NORBERT MÖSLANG - fuzz_galopp (Bocian, 2013)
Avec fuzz_galopp, autre LP publié cette fois par le label Bocian, la tendance narrative et linéaire est accentuée au détriment de la virtuosité et de l'ingéniosité peut-être. Mais je considère plus ceci comme un gain que comme une perte. On s'éloigne un peu ici de la démonstration de force, oui, mais pour approcher une musique plus profonde, sombre et mieux construite. Möslang joue ici sur une tension linéaire et des couleurs très sombres. Il ne s'agit pas de créer de l'intensité en surprenant l'auditeur par des irruptions brusques de larsens, mais plutôt en rendant le son de plus en plus massif.
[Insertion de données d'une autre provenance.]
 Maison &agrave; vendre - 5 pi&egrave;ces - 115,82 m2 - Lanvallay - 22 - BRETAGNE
Pas physiquement seulement, mais surtout psychologiquement. La mise en boucle de basses très graves, aux limites de l'audible, de fréquences aussi pénétrantes et profondes, font de cette longue pièce un fil qui pénètre lentement mais surement la perception de l'auditeur. Un auditeur comme pris d'assaut par cette musique de laquelle on ne semble pas pouvoir échapper. Ce mélange de boucles ultra-basses, de pulsations mécaniques (sans samples ni percussions bien sûr) et de sonorités métalliques et industrielles, agrippe l'auditeur et ne le lâche plus. Peut-être moins agressif et virulent que killer_kipper, fuzz_galopp est par contre beaucoup plus profond et haletant, de par son aspect répétitif et narratif. Il reste les dix dernières minutes, plus ambient et créatives, qui ne sont pas forcément à mon goût. Une exploration abstraite des signaux électriques qui rompt la narration précédente et offre une palette par contre assez surprenante de fréquences en tout genre. Excellent travail tout de même.
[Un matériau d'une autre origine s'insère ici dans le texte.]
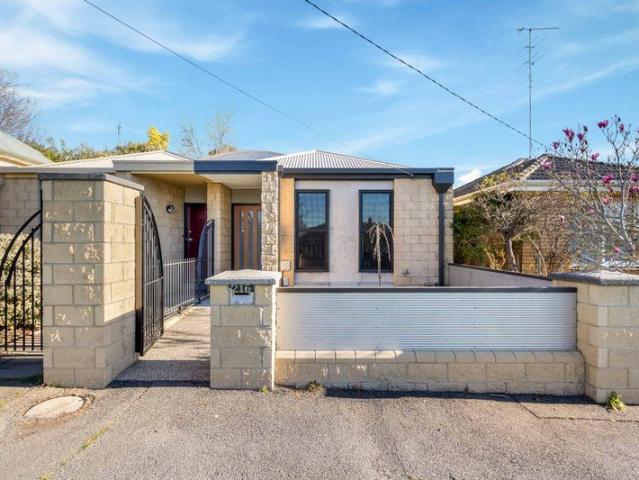 House for sale in Ballarat, Victoria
[informations, présentation & extraits: http://www.bocianrecords.com/releases.html]

NORBERT MÖSLANG - indoor_outdoor (Ideologic Organ, 2012)
Premier vinyle a être paru de cette série de solos, indoor_outdoor est le plus réussi à mon goût, et je ne crois que ce soit seulement dû à la présence de Toshimaru Nakamura sur la deuxième face. La première partie de ce disque publié sur le label de Stephen O'Malley (SunnO)))) réunit tout ce que j'admire le plus chez Möslang. Soit une construction narrative très intense, et un sens du crescendo et de la masse sonore vraiment puissant. On part de pas grand chose ici, quelques parasites disséminés autour de silences, pour finalement arriver à un mur de son inouï. Le genre de pièce qui s'écarte des canons de la musique improvisée pour aborder des structures musicales narratives qui font toute l'intensité du disque. Une construction hallucinante où le son prend une ampleur toujours plus profonde et devient extrêmement massif, un mur où toutes les fréquences sont réunies en une masse stable et renversante.

Sur la deuxième pièce, l'aspect linéaire s'efface un peu au profit d'une musique plus proche de l'eai et du power-electronic. Une musique déstructurée et arythmique où on peine à percevoir l'influence du minimalisme de Toshimaru Nakamura. La table de mixage bouclée sur elle-même et les objets quotidiens craqués se mélangent en un feu d'artifice de composants électroniques amplifiés, du circuit-bending virtuose qui suit quand même un fil conducteur. Car à travers la profusion de parasites et d'explorations soniques, des segments linéaires sont tracés pour ne pas perdre l'auditeur dans la démonstration de force. Une pièce qui en somme peut être parfois très calme et plane, où extrêmement bruyante et fragmentée. La narration n'est pas complètement abandonnée, mais elle est souvent interrompue par de brusques segments massifs et imposants.

Bref, avec ce disque c'est tout le talent de Möslang pour l'exploration sonore comme pour la construction narrative qui ressortent le mieux. C'est aussi le plus brutal et le plus renversant. Parfait en somme pour découvrir ce chef de file historique de l'improvisation électroacoustique live. Recommandé.